Abdellah Taļa writes short sentences, often without verbs. Single words sometimes. There is light and space in his prose. And despair. At times, he uses the ellipsis suggestively . . . bringing out the apertures within and between words and thoughts, eliciting the unbridgeable gap between individuals. That is where desire seems to lie, and where longing—and melancholia—is to be found in his writing.
An Arab Melancholia is Taļa’s fourth book of fiction, published originally in Paris in 2008. It is his second work to appear in English, following Salvation Army, which appeared in the US in 2009. Frank Stock has translated both works from Taļa’s French originals, and renders the haunting rhythm of the author’s deceivingly simple prose. French is more efficient—verbs imply their subjects—but the experience of reading these books in Stock’s English comes close to capturing the infectious cadence of Taļa’s chain of short sentences.
The distance that remains is not unlike another gap that is impossible to erase, that of a Moroccan émigré translating himself and the conversations of those who have passed through his life into a French language already at a remove from Moroccan experience, even though familiar. That space—that disjuncture—has long been a preoccupation of writers from the Maghreb, from the Moroccan novelist and critic Abdelkebir Khatibi (Love in Two Languages) to the Algerian-born Jacques Derrida (Monolingualism of the Other). Here, Taļa gently lets his reader know that he is translating himself and his experience from the Moroccan Arabic of his youth to the French “script” of his writing.

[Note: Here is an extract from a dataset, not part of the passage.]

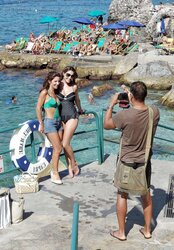Kelly Brook in bikini on the Italian island of Ischia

Though both the French and American editions name An Arab Melancholia a “novel,” it reads like memoir. As in Salvation Army, the protagonist of this short book is a young man named Abdellah Taļa. And the Taļa of the novel resembles the Taļa who has made himself known through public interviews, both in France and in Morocco, where he is something of a literary celebrity and countercultural icon. (The cover of An Arab Melancholia describes Taļa as “the first openly gay autobiographical writer published in Morocco.”) Both Taļas grew up in Salé, the coastal city that faces the Moroccan capital, Rabat, a city known for its “pirates . . . who went around terrorizing people back in the 17th and 18th centuries.”
At the start of An Arab Melancholia, Taļa is twelve years old, living with his parents in a poor neighborhood. The summer heat makes him “crazy and feverish,” as do the older boys who invite him to watch them masturbate, kiss him, or let him join in group sex. Still, Taļa avers: “My childhood wasn’t over yet.” He is seeking “some kind of adventure.”

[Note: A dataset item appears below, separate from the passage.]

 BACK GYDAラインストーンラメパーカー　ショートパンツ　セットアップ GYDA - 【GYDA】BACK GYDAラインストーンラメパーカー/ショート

Taļa’s Salé is claustrophobic, ominous, but also includes the intimate space of the family and the derb, or domestic neighborhood, where the residents know him as the barefooted boy with slightly dirty feet. Taļa has taken the city where Robinson Crusoe was held captive and made it his own terrain. The pirates now are the threatening men of the neighborhood, the “real tough guys. The damned.” These “bad boys” are appealing to him: “I loved them.” But when a group of adolescents abuse him, both physically and spiritually, young Abdellah experiences a profound rupture—he touches a high-voltage power line and, nursed back to life by his father, vows to run toward “the unknown me, the one that was found, the lost self.”

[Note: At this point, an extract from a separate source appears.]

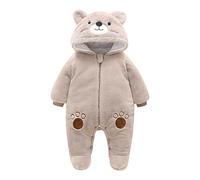 Jlywjx Baby Girls Boys Winter Clothes Snowsuit Teddy Bear Onesie Outfit Newborn Fleece Jumpsuit Romper Coat Hooded Suit Toddlers Leotards (Grey, 12-18 Months)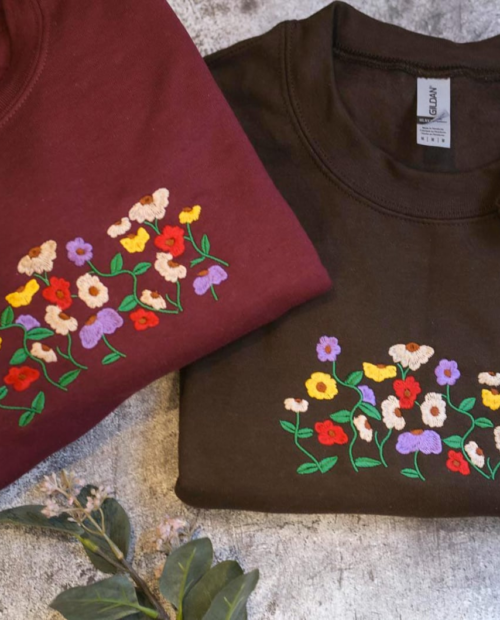 Taylor Vintage Flowers Embroidered Sweatshirt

As Taļa’s life unfolds, the retelling of it is not quite the reordering of a life’s experiences to make sense of it as in therapy. Rather, the way he crafts his stories, layering them, coming back to obsessions, is more like a filmmaker’s montage, with flashbacks, voice-overs, and characters who blend into each other. Indeed, Taļa encourages us to see his novel as a film: The ambition to make cinema is what leads him to Paris and, later in the novel, to Cairo, where he participates in another project in exploring the melancholia he sees all around him.
Everywhere, Taļa finds individuals, usually Arab but not always, who are searching to fill in the empty spaces of their lives and to make sense of their memories and passions: Karim, a French-Egyptian filmmaker who travels to Cairo to try to find the father he never knew; Slimane, Abdellah’s Algerian lover, who left a wife and children behind for Paris, but is obsessed with a boyfriend from his adolescence.
These characters, seeking resolutions that are often impossible, are expertly drawn. No matter how painful Taļa’s portraits of friends and lovers are, they are full of empathy, even hope. For Taļa, the feeling of a lack creates a new space in which to imagine a different future—one where melancholia may be a state that can save the lives of a new Arab generation.